I’ve been collecting together all the James Bond movie plots, to try to figure out if there’s anything interesting in them, starting with the 60s. If you want to know about 1995-2021, look here.

….so In 1973 Roger Moore took over, and the mood of the films swung away from anxiety toward comedy and self-parody. If I were writing about the Bond movies as literature, I would group 1971’s Diamonds Are Forever here, but I’m not – instead I’m all about the villain plots, and Diamonds is still very much in the 60s destabilizing the Cold War mould. So for my purposes Moore’s creaky performances and unconvincing distant stunt-double scenes are less relevant than the types of enemies he faces, who are mostly a bunch of pop-up, low-level criminal bosses. Nixon announced the War on Drugs in 1971 and Moore got right to it in 1973. The big anxieties throughout the 70s films involve loss of central control of societies, whether that’s through drugs, crime, or the rise of non-state actors. This is the era when President Ford dismissed New York City as a drug swamp and said it could “go to hell.” Meanwhile, the US promoted (mostly military) coups, frequently funded by drug money or in support of drug production, in Bolivia (71), Chile (73), Argentina (76), Nicaragua (78), Afghanistan (1980), Paraguay (89), and Panama (89).

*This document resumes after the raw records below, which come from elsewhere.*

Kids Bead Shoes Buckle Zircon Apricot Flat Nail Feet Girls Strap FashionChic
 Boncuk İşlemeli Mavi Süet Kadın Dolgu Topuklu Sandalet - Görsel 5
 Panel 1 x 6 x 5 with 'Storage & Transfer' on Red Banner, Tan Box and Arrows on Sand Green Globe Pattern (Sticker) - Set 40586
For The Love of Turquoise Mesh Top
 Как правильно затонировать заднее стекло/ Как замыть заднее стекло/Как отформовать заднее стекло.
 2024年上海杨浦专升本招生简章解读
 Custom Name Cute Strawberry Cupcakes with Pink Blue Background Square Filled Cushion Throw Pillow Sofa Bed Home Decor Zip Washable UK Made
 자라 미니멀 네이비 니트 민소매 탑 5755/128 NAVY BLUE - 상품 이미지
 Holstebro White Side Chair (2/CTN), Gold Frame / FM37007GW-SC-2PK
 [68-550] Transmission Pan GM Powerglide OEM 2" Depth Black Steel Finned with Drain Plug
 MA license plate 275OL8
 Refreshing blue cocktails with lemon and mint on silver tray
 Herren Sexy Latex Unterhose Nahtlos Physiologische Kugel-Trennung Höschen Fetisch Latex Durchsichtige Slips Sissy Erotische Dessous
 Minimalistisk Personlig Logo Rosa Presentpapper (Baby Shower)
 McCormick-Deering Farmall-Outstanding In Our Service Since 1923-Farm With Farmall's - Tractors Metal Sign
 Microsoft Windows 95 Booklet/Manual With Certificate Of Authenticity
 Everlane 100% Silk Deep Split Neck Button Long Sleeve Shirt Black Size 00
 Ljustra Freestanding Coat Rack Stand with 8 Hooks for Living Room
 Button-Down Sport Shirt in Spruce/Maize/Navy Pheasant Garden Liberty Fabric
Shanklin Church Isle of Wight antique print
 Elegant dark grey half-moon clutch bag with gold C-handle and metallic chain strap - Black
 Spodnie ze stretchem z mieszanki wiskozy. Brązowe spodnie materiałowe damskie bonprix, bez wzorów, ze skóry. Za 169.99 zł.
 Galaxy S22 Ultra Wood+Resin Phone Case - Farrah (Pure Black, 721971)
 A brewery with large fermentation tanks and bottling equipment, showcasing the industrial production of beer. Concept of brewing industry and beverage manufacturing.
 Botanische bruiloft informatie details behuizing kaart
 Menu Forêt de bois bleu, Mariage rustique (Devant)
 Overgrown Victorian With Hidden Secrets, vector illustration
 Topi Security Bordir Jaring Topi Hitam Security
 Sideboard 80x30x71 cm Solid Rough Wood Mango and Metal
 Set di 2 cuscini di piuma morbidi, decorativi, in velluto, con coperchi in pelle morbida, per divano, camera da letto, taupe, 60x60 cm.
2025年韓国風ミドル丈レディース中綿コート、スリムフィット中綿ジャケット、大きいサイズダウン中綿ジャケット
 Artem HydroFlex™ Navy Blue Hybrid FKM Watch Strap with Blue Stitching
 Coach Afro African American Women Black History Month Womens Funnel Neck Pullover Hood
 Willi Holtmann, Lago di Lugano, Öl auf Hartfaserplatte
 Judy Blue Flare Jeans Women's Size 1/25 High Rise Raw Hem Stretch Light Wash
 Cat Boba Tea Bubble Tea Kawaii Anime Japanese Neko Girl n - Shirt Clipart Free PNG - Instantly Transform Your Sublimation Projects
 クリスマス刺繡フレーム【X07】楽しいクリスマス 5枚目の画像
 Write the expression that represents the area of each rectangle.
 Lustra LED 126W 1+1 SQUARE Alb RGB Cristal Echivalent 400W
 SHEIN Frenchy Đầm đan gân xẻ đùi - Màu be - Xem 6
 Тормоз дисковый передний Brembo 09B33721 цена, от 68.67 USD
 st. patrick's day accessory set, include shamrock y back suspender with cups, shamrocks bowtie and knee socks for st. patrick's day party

I’ve probably forgotten a few. So…

Live and Let Die (1973) is often called Bond’s most racist film – it’s a blaxploitation romp with honkies and hookers and pimps and Nawlins jazz funerals. Caribbean microstate dictator Dr. Kananga has a dastardly plot to get America addicted to free heroin, then jack up the price – a move familiar to any historian of the 19th century Opium Wars. The twists are (a) he’s black, (b) it’s being done to Americans. This is a big come-down for Bond, after saving the world from WW3, but it’s also a departure in other ways: a black villain means a black character of some importance. Among Drug War films, it’s both remarkably early and atypically thorough – Steven Soderbergh’s Traffic (2000) was praised for addressing both foreign supply and US demand as inseparable sides of “the drug problem.” Live and Let Die does the same thing, but destroys any larger social point by having both ends of the supply chain be the work of one man, who wears a foam latex mask when in Harlem. Exoticizing Tarot/Hoodoo stylings muddy the waters further, although maybe if you squint you can see a zombie critique of opioids.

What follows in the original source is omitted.